栞織 さんの感想・評価
4.8
物語 : 5.0
作画 : 5.0
声優 : 4.5
音楽 : 5.0
キャラ : 4.5
状態:観終わった
自然の前に人は無力 そして家出
公開当時は見なかったです。このほどやっと見終えました。公開当時は噂でラストが終末未来みたいに言われていたのですが、実際見たところ地質学的に江戸時代のはじめに戻ったみたいな話で、長い地球年代ではそういうこともありえるのではないかというお話で、特に終末論的な作品ではなかったと思います。こういう天体観測史上でのifのとらえ方は前作の「君の名は」の流星墜落と同じで、新海監督の追っているテーマのひとつではないかと思います。しかし最初は雑誌ムーの晴れ女ルポみたいなところから始まっていて、都市伝説みたいなところから振っているのは面白いと思いました。

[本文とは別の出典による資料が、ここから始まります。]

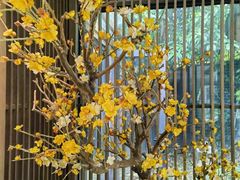 -花锦堂·隐庐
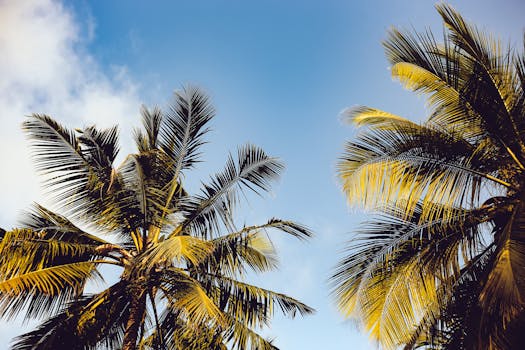 1000 interesting palm trees photos pexels free stock photos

そういう都市伝説と民間伝承の人柱の話が重ねられていて、そこはうまいと思いましたが、家出少年少女たちの話の方が、今ひとつリアル感が少なくて、そういう風にうまく身を隠して暮らせるだろうかみたいにまず思いました。そこが少し減点というか、惜しいなと思ったところです。また地方住みの人たちの東京へのあこがれや反発があまりうまく表現されていなくて、ほとんど東京住みの地元の人と変わらない描写が続いたのが見ていてちょっと残念に思いました。そのあたりは、「雲の向こう 約束の場所」の方がうまく出ていたような気がします。しかし主人公たちを気性がまっすぐな若者として描きたかったという意図ならば、そのような描写はなかった方がよかったのかもと思ったりもしました。ただうまく言えないのですが、そのあたりが平板に思えた理由ではないかと思います。つまり言うならば、主人公たちの生身感が少なく思えた理由ではないかと思いました。
しかしシナリオはよく練られていたと思います。最後までどうなるかわからない話でしたので、ラストまで飽きずに見ることができました。廃ビルのロケーションをCGで作りこんだりしている部分は、さすがと思いましたです。他にも自然な感じでCGをうまく使っている場面が多かったです。雨の描写は特にリアル感がありました。
ただ声優さんでおじさんキャラの方の声が聴きとりにくかったです。そこも減点させていただきました。ぼそぼそしゃべりすぎだったかなあと思います。キャラ作りしすぎだったのではないでしょうか。
しかし今年の夏も暑いので、同じ異常気象でも8月に雪が降るなんてロマンチックに思えてしまいました。東京では今の温暖化現象では、水没よりも砂漠化がありえそうに思いました。それも九州などの地方の方の、今頻発している水害被害の思いが結実した作品だったのかもしれません。東京も一度水没してみろというか、その地方の警戒警報中に政治家たちが宴会を開いていたという話なども、この作品を作る上での理由のひとつだったのかもしれません。